= Group algebra of a locally compact group =

Topological algebra associated to continuous groups

In functional analysis and related areas of mathematics, the group algebra is any of various constructions to assign to a locally compact group an operator algebra (or more generally a Banach algebra), such that representations of the algebra are related to representations of the group. As such, they are similar to the group ring associated to a discrete group.

== The algebra C_{c}(G) of continuous functions with compact support==
If G is a locally compact Hausdorff group, G carries an essentially unique left-invariant countably additive Borel measure μ called a Haar measure. Using the Haar measure, one can define a convolution operation on the space C_{c}(G) of complex-valued continuous functions on G with compact support; C_{c}(G) can then be given any of various norms and the completion will be a group algebra.

To define the convolution operation, let f and g be two functions in C_{c}(G). For t in G, define

$[f * g](t) = \int_G f(s) g \left (s^{-1} t \right )\, d \mu(s).$

The fact that $f * g$ is continuous is immediate from the dominated convergence theorem. Also

$\operatorname{Support}(f * g) \subseteq \operatorname{Support}(f) \cdot \operatorname{Support}(g)$

where the dot stands for the product in G. C_{c}(G) also has a natural involution defined by:

$f^*(s) = \overline{f(s^{-1})} \, \Delta(s^{-1})$

where Δ is the modular function on G. With this involution, it is a *-algebra.

Theorem. With the norm:

$\|f\|_1 := \int_G |f(s)| \, d\mu(s),$

C_{c}(G) becomes an involutive normed algebra with an approximate identity.

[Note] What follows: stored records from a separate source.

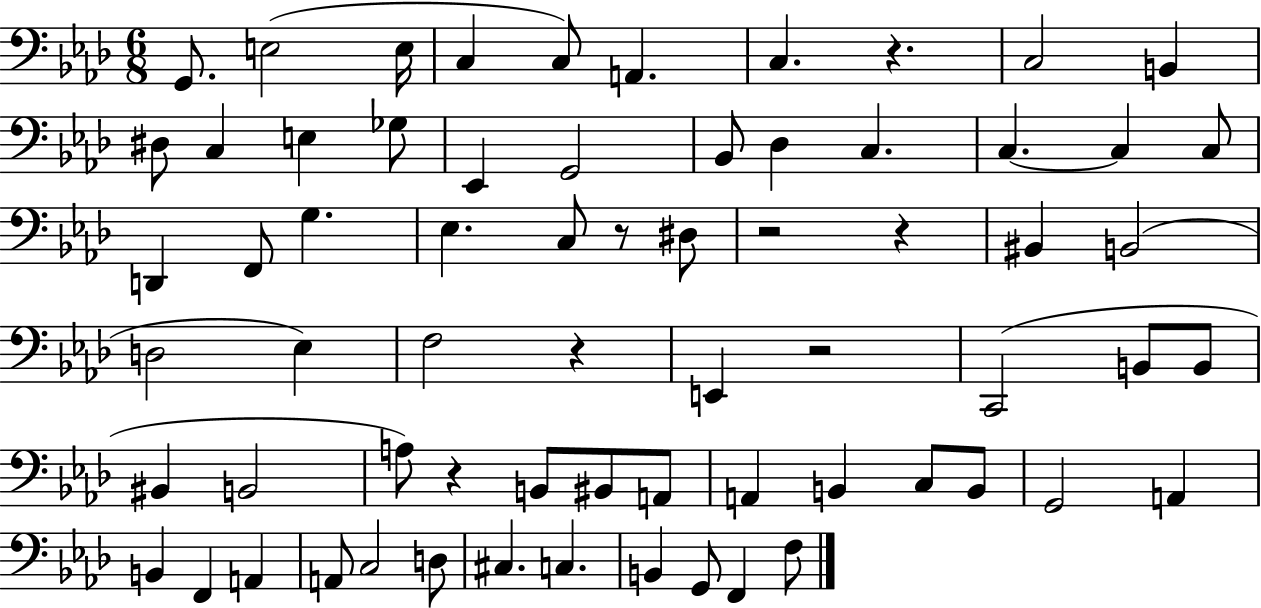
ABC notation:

X:1
T:Untitled
M:6/8
L:1/4
K:Ab
G,,/2 E,2 E,/4 C, C,/2 A,, C, z C,2 B,, ^D,/2 C, E, _G,/2 _E,, G,,2 _B,,/2 _D, C, C, C, C,/2 D,, F,,/2 G, _E, C,/2 z/2 ^D,/2 z2 z ^B,, B,,2 D,2 _E, F,2 z E,, z2 C,,2 B,,/2 B,,/2 ^B,, B,,2 A,/2 z B,,/2 ^B,,/2 A,,/2 A,, B,, C,/2 B,,/2 G,,2 A,, B,, F,, A,, A,,/2 C,2 D,/2 ^C, C, B,, G,,/2 F,, F,/2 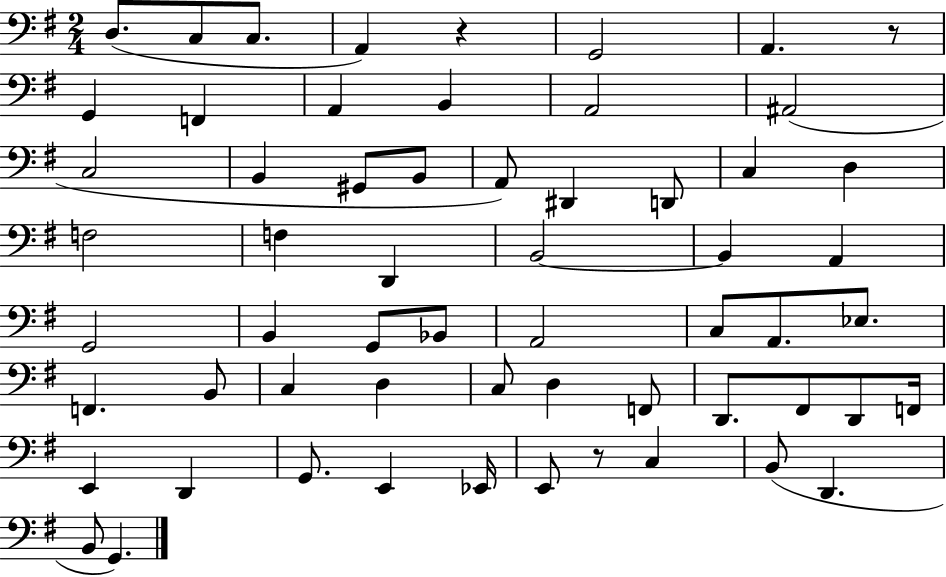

The approximate identity can be indexed on a neighborhood basis of the identity consisting of compact sets. Indeed, if V is a compact neighborhood of the identity, let f_{V} be a non-negative continuous function supported in V such that

$\int_V f_{V}(g)\, d \mu(g) =1.$

Then {f_{V}}_{V} is an approximate identity. A group algebra has an identity, as opposed to just an approximate identity, if and only if the topology on the group is the discrete topology.

Note that for discrete groups, C_{c}(G) is the same thing as the complex group ring C[G].

The importance of the group algebra is that it captures the unitary representation theory of G as shown in the following

Theorem. Let G be a locally compact group. If U is a strongly continuous unitary representation of G on a Hilbert space H, then

 $\pi_U (f) = \int_G f(g) U(g)\, d \mu(g)$

is a non-degenerate bounded *-representation of the normed algebra C_{c}(G). The map

 $U \mapsto \pi_U$

is a bijection between the set of strongly continuous unitary representations of G and non-degenerate bounded *-representations of C_{c}(G). This bijection respects unitary equivalence and strong containment. In particular, π_{U} is irreducible if and only if U is irreducible.

Non-degeneracy of a representation π of C_{c}(G) on a Hilbert space H_{π} means that

$\left \{\pi(f) \xi : f \in \operatorname{C}_c(G), \xi \in H_\pi \right \}$

is dense in H_{π}.

== The convolution algebra L^{1}(G) ==
It is a standard theorem of measure theory that the completion of C_{c}(G) in the L^{1}(G) norm is isomorphic to the space L^{1}(G) of equivalence classes of functions which are integrable with respect to the Haar measure, where, as usual, two functions are regarded as equivalent if and only if they differ only on a set of Haar measure zero.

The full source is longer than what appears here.